October Gardening Jobs: Get the Most Out of Your Garden
October is here! But even though the weather is getting colder, there’s still plenty you can do with your garden. In fact, the cooler temperatures can help make October gardening a joy.
Here are a few October gardening chores you should focus on this time of year.
1. Take care of your leaves
Changing leaves look lovely when they’re still on their trees. When they die off and land on your property, that’s a different story.
Accumulating fallen leaves can damage your lawn, and present a slip hazard for your walkways, deck, and driveway.
Collect them with a rake, cut them into small pieces with a leaf vacuum or lawn mower, and then use them in your compost pile or as a mulch. Talk to your neighbors about collaborating on renting a chipper or shredder to get rid of any branches, stems or limbs you want to turn into mulch.
2. Planting spring bulbs
Mid-October is a great time to begin planting bulbs that will flower in the spring. You can keep this up until the middle of November (or later if the ground isn’t frozen).

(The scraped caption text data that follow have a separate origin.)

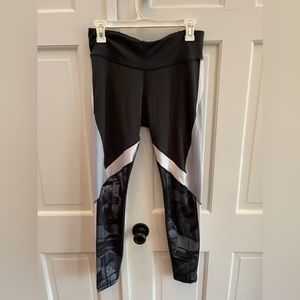 Black/gray/white design full length women’s Reebok workout leggings, size M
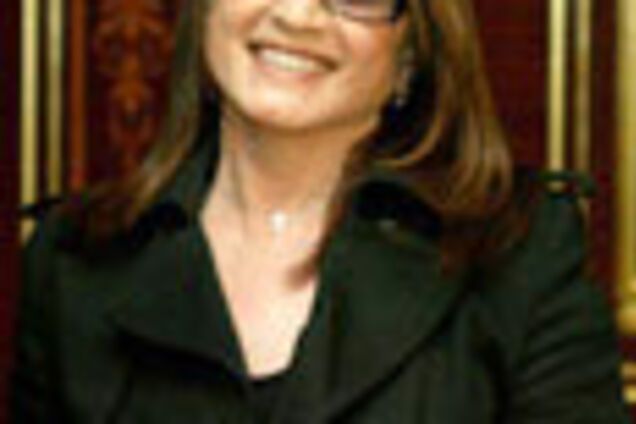 Ротару подарили телефон 'VERTU' в отделке из розовой крокодиловой кожи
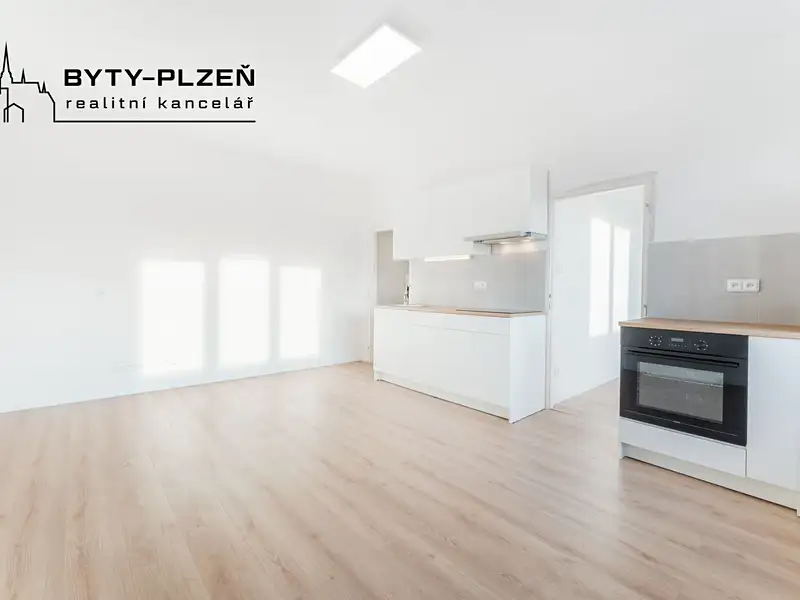 Pronájem bytu 2+1 50 m², Plzeň – náhled fotky 2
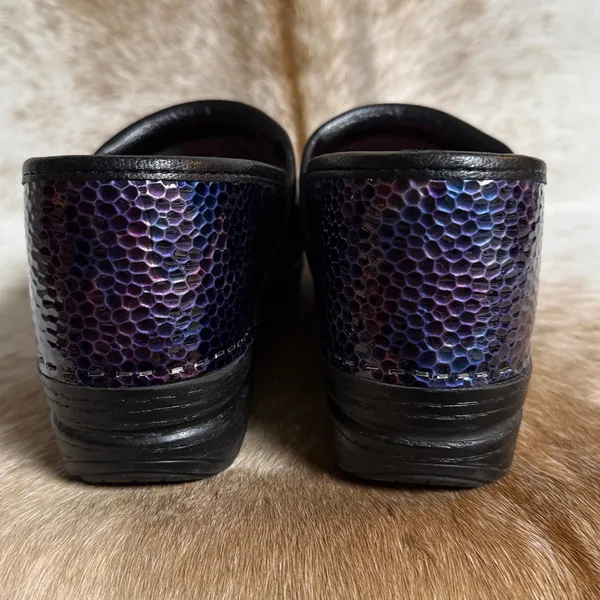 Dansko Purple‎ iridescent Scaled Clogs Size 7.5 B86 - Image 6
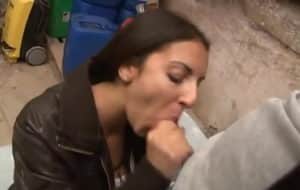 La salope arabe se fait bien baiser dans une cave
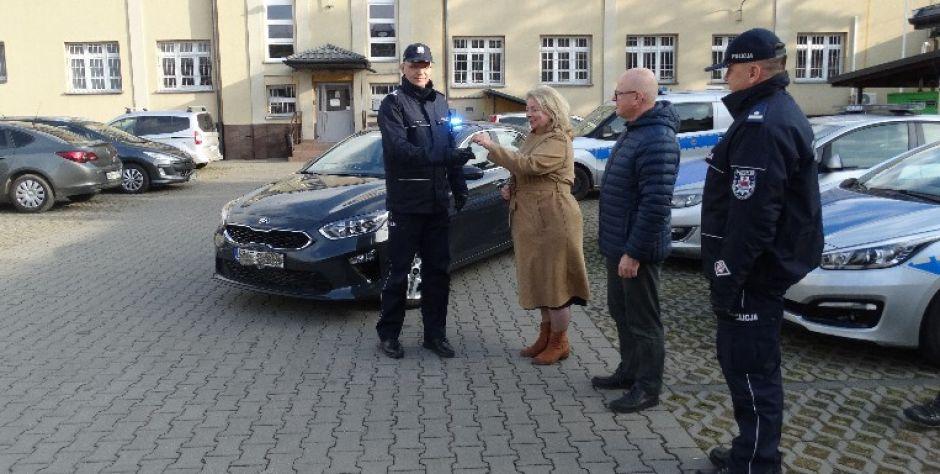 Nowy radiowóz dla policji
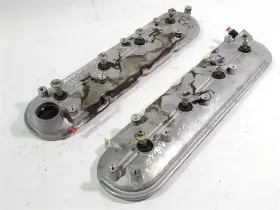 350.gm6e07 Cadillac Pair Of Valve Covers 6.2l Oem 2007 Escalade Esv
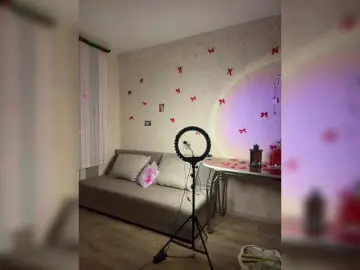 Bongacams Live Sex of LittleDelora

Use bulb fertilizer instead of bone meal in the planting holes and protect the bulbs from pests by surrounding them with wire poultry cages. A visit to your local plant nursery can help you decide which bulbs will work best.
3. Moving plants indoors
This is the time of year when you’ll want to move any tropical houseplants that you’ve been keeping outside indoors.
Trim the plants, remove any weeds and fallen leaves from the soil, and give the plants a gentle spray with your hose to get rid of insects.

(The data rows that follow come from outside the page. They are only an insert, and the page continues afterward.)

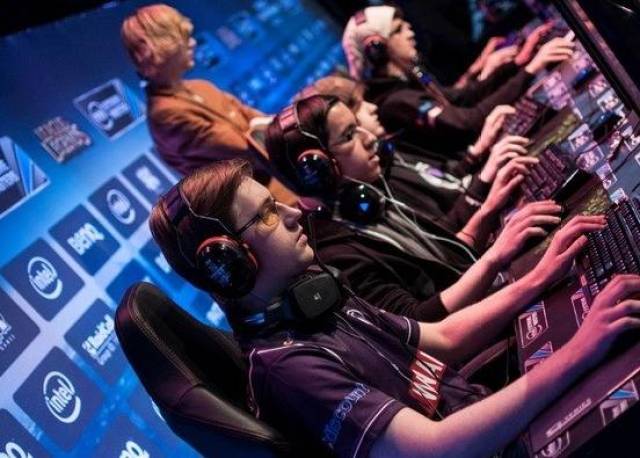 也会让人质 也会让人质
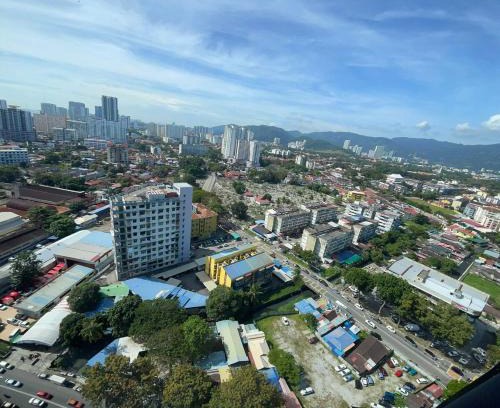 George Town Apartment | Luxury 2BR SunnySuite Sky Pool Breathtaking Views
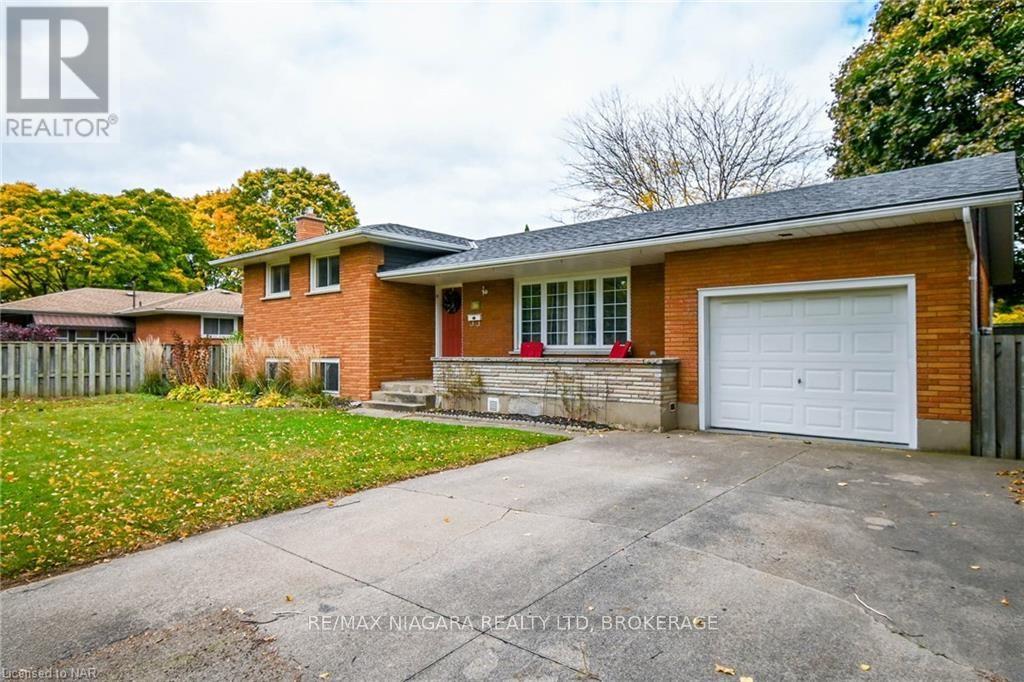 16 Royal Manor Drive, St. Catharines, Ontario  L2N 4B8 - Photo 2 - X9767611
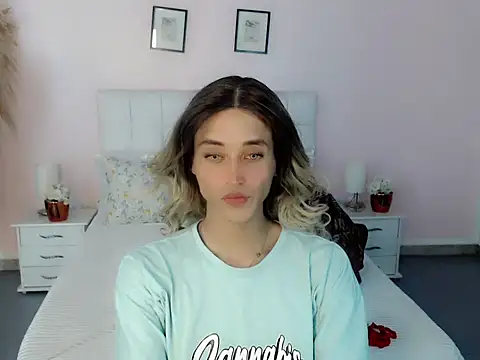 Snapshot of samantha_bliss chatting on October 20, 12:30 pm samantha bliss online show from October 20, 12:30 pm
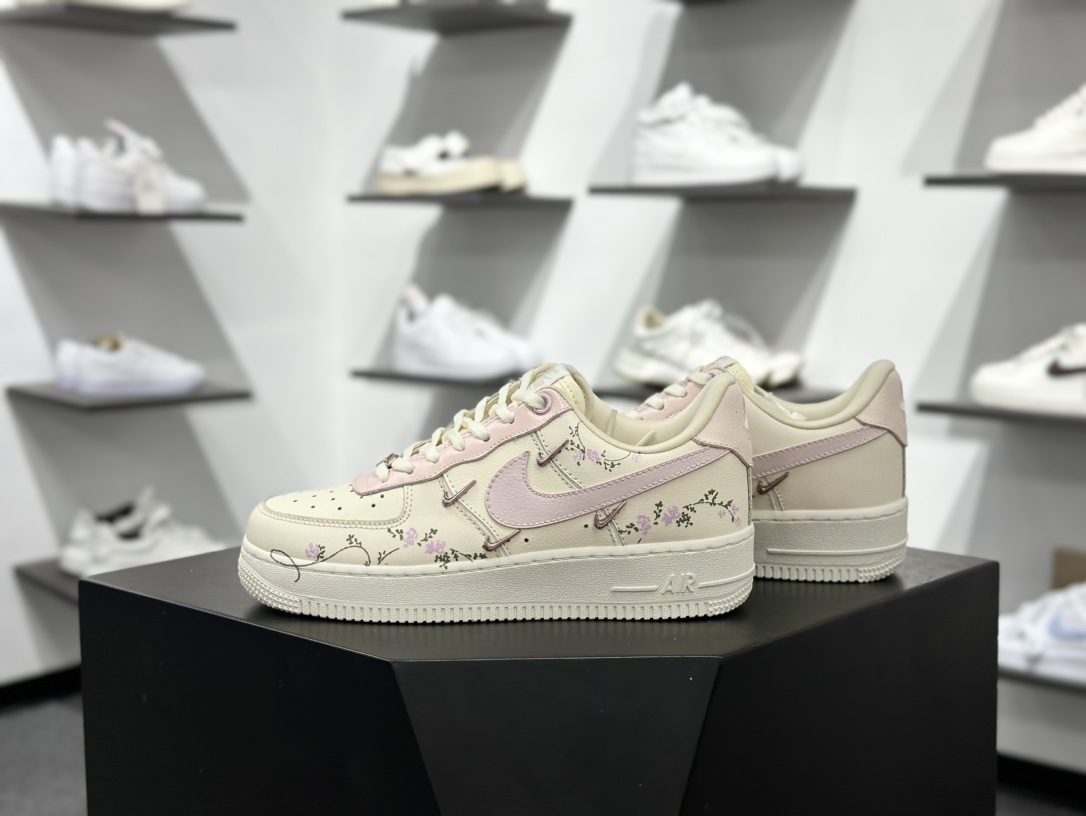260 Nike Air Force 1 Low 浅粉樱花 FV8110-182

You can submerge smaller plants in water for 15 minutes to wash away insects. With larger potted plants, immerse the base of the pot in water to get rid of any insects hiding in the soil.
Once you have plants indoors, keep them in a room that stays relatively cool, which will prevent you from having to water them as often.
Other October tasks
Landscaping
Fall is an ideal time to plant trees and shrubs. Planting now gives them several months head start to get their roots established prior to the arrival of hot and dry summer conditions. This is also the best time to increase your supply of perennials by dividing and transplanting established clumps of daylily, ajuga, liriope, mondograss, iris, columbine, penstemon, yarrow, Shasta daisy, coreopsis, purple coneflower, oxalis, and violets.

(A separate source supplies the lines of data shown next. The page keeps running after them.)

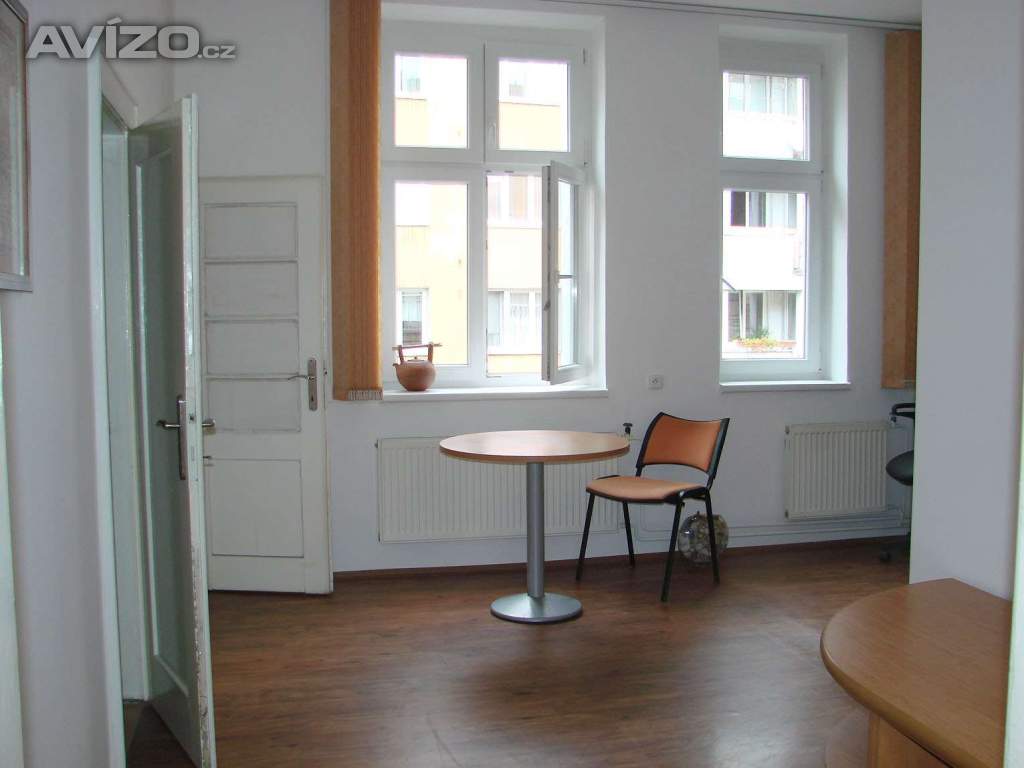 Pronájem kanceláří Mor. Ostrava, ul. Veleslavínova (74 m2, zařízené)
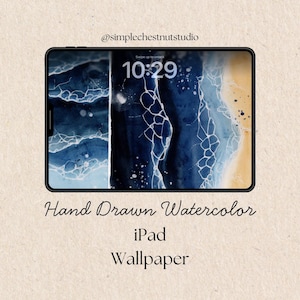 Puede incluir: Fondo de pantalla para iPad con un dise&ntilde;o de acuarela dibujado a mano. La obra de arte muestra una escena abstracta del oc&eacute;ano en azul y blanco, con una orilla arenosa. La hora 10:29 se muestra en la pantalla. El texto dice "Hand Drawn Watercolor iPad Wallpaper."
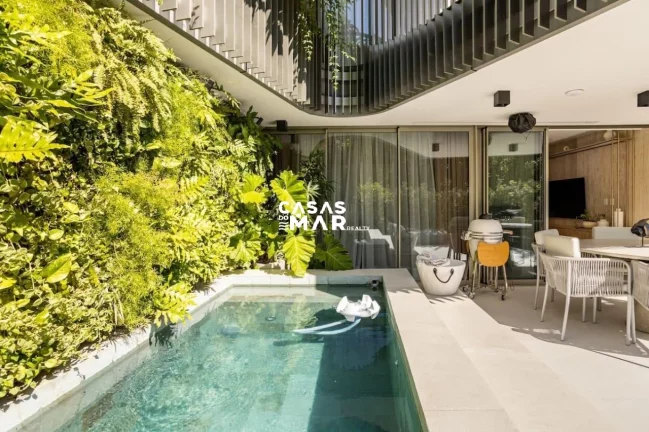Imagem Apartamento de Luxo no Leblon: 2 quartos, 1 suíte, 2 salas, 2 banheiros, 1 vaga. 133m², próximo à praia, novíssimo, com piscina.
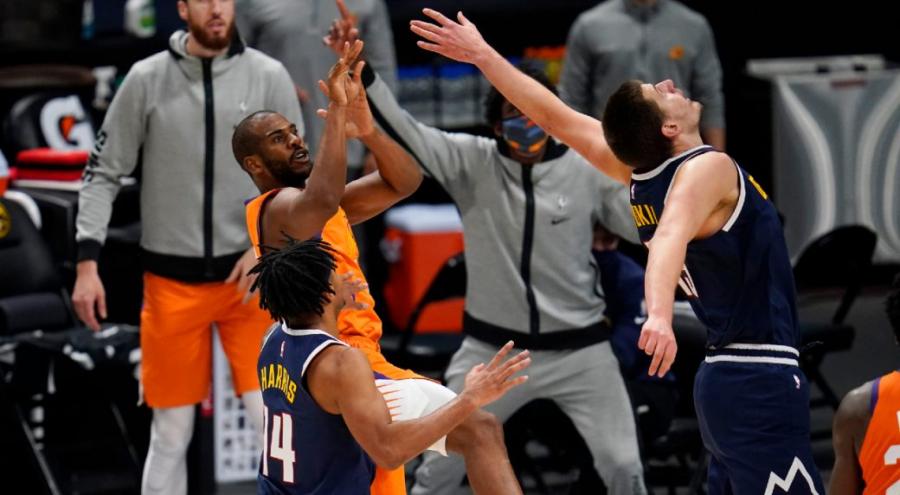 Chris Paul drains clutch shot late to help Suns hold off Nuggets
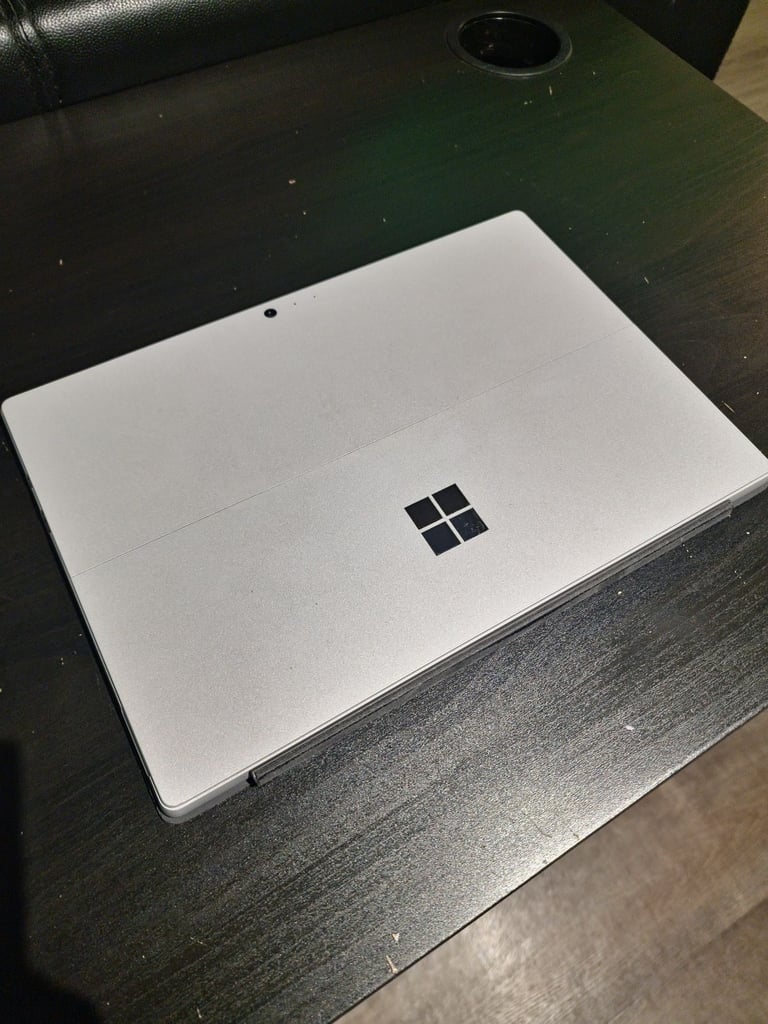 image for Microsoft Surface Pro 5 - I5-7300, 256gb sd,8gb Ram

Unless you’re in the midst of a fall drought, cut back on watering your landscape plants. If rains are scarce, then you’ll naturally want to keep to your watering schedule.
Vegetables
There are a few vegetables that can still be started – the sooner the better. These include beets, carrots, collards, kale, garlic, cilantro, leaf lettuce, mustard, radish, spinach, bok choy, Swiss chard and turnips.
If you are short on space in your yard for a vegetable patch, grow them in containers on your patio (if you have enough sun). All of the above types can be successfully grown in large pots or boxes, provided you water and fertilize them regularly.
Lawns
If you have not fertilized your lawn yet for the fall, do so right away. Fall fertilization, also known as winterizing, promotes continued healthy lawn growth so it can produce and store food reserves for use during spring green up. October is also a good month to lime the lawn and flower beds, if needed, but do so only based on soil test results.
Continue to mow the lawn as long as the grass keeps growing, but with the mower blades at their highest level.
Cooler weather causes dormant weed seeds to spring to life. In the world of weeds, they can be classified as warm and cool season types. Cool season weeds germinate in response to mild temperatures and soil moisture, growing and flowering during the cool fall through spring season. Common cool season weeds include henbit, chickweed, cranesbill (Geranium), lawn burweed, and annual bluegrass (Poa annua).